Over 411 people have died on the mountain or in the National Park. The first death in 1897 occurred when a guy’s pistol fell out of his pocket and shot him in the neck… I hope I’m not the only person who accidentally laughed when I first read that :|. As of 2014, 116 people had died during a summit of the mountain. Causes include falling down a crevasse, avalanche, asphyxiation in a tent covered with snow, heart attack, hypothermia, etc. Some, such as a group of 4 climbers attempting a January summit this year, have just never been found. In one of the more tragic stories of 2012, a heroic ranger slid 3,700 feet to his death while trying to rescue several climbers caught on the mountain during a storm. Mount Rainier is a deadly place where weather can change in an instant and snow and ice slopes can collapse even quicker. As the NPS Rainier fatality stats shows, it’s not a friendly place for the unprepared or overly ambitious.
Elizabeth and I knew long before we got to the park that – as much as we like switchbacks – Rainier was beyond our reach. Out of 1.85 million yearly visitors, 99.4% find the view of the mountain from below more than satisfactory.

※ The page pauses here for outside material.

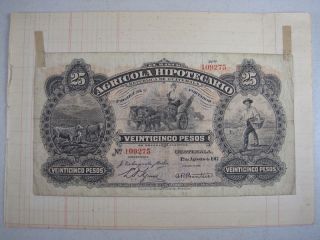 1917 El Banco Agricola Hipotecario Guatemala 25 Pesos Bank Note Bill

Besides from University of Washington we loved the vistas from the meadow trail at historic Longmire village and our close-up at Paradise (elevation 5,400). Our favorite view actually came when we went back to the park from Seattle for our interview with King 5 news (we almost missed it!). The reporter, Dan, brought us to an incredible viewpoint he found the precious weekend that we had passed by on one of the cloudy days during our first visit.
Even when clouds cloaked the mountain (which happened 3 of the 4 days of our visit), we found plenty to explore – waterfalls, rock slide rivers and suspension bridges to name a few.
As with all the Pacific Northwest parks (North Cascades, Crater Lake, Lassen Volcanic, Olympic), we feel we have unfinished business. For starters, a 7-day backpack on the famous 91-mile Wonderland Trail that circles Rainier is high on our bucket list. And I can’t rule out a future guided summit of Mount Rainier. I swear that mountain is magnetic.